Despite a respectable amount of hops being added in the boil, bitterness doesn’t overpower the core malt flavor. Instead, it leaves a pleasant zesty taste and feel in the mouth that nicely covers the respectable alcohol content. The malt flavors come strong in the beginning, and nicely roll through each of the hop profiles. Much like a well-done macchiato, the bitter and sweet flavors compliment each other perfectly.
When I put this in the fermenter, I had a horrific lapse in judgement and assumed brew-bot had made a mistake and that the beer was too dark; however, upon pouring my first glass, I quickly realized I was in the wrong. True to form, brew-bot made a red ale that refracts light beautifully.
This is a very strong IPA base, and one that I’d like to work with going forward. I believe it’d be compatible to bash together with the Four Horsemen recipe, and it gives me plenty of ideas for new brew-bot settings. For an odd experiment, the results are delicious.
It smells like you might expect a red ale to smell. Interestingly, I expected a far more pronounced hop profile, based on the hop schedule it had. That said, it isn’t unpleasant in anyway. It also smells a little hot to me, as in, perhaps a higher ABV than I would’ve expected from the style.

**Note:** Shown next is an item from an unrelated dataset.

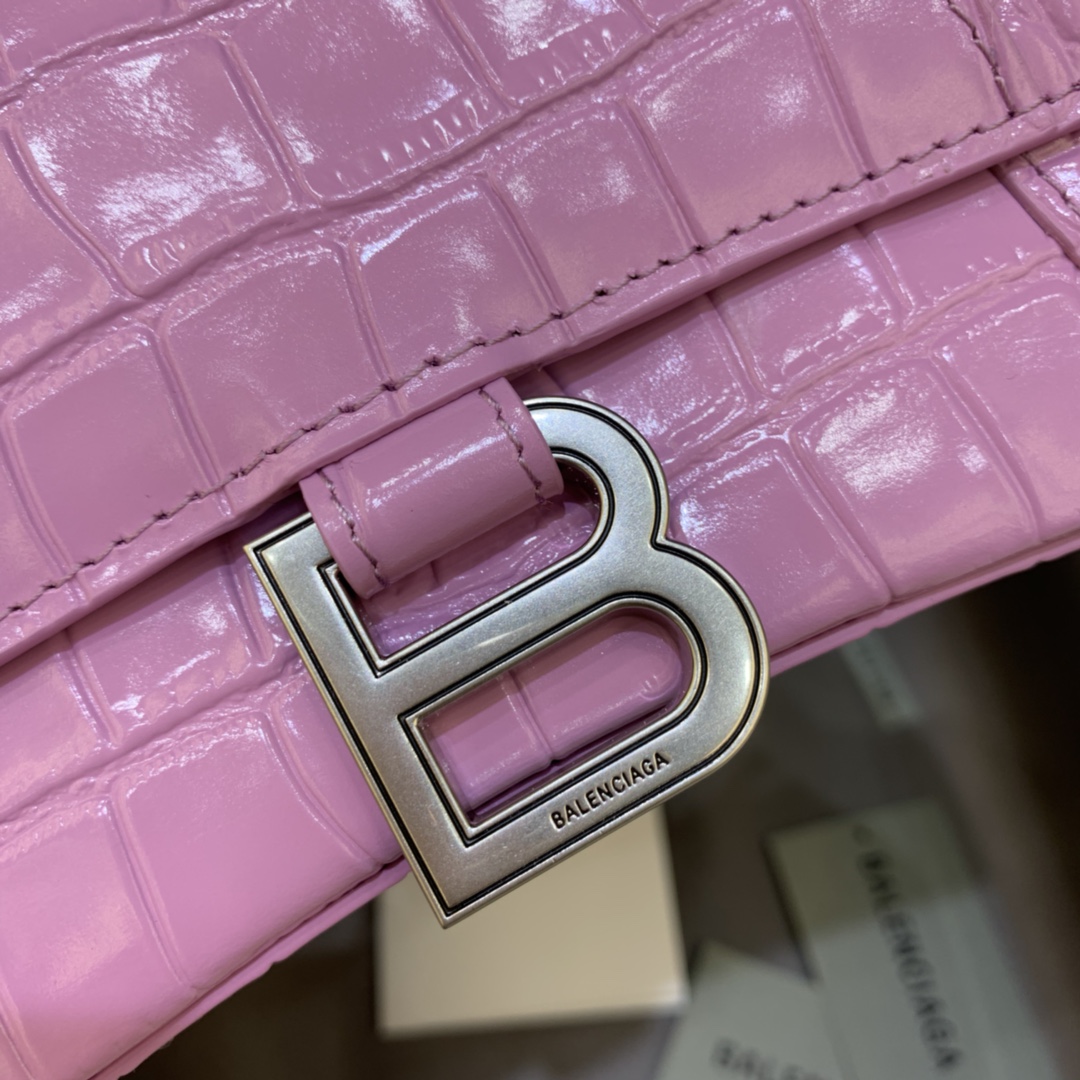 Balenciaga Hourglass 23cm Chain Bag in Shiny Crocodile Embossed Leather Rose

At its core, this is still a malt-forward beer. There is also a lingering flavor that homebrewers will immediately recognize: extract. This isn’t a knock on the beer itself, the extract-specific flavor (Rye, in this case) comes through a bit adding sweetness and booziness on the palate.
Bitter and sweet, but never bittersweet. This is a complex drinker, and one I rather enjoy. Rye not have another?
This is a dark red, mahogany almost. It is clear-ish, with no floaters or cloudiness, but a depth that gives soul to the heartless machine that made it (brew bot, not Nick).
A computer made this, and Nick made the computer. He should be proud of his work here and I intend on drinking my fair share of this keg. I imagine that the bot will only get better, and I might even consider tweaking this recipe for myself in the future. I have no doubt that we won’t need to play “kick the keg” with this one, as it shouldn’t be in there too long anyway.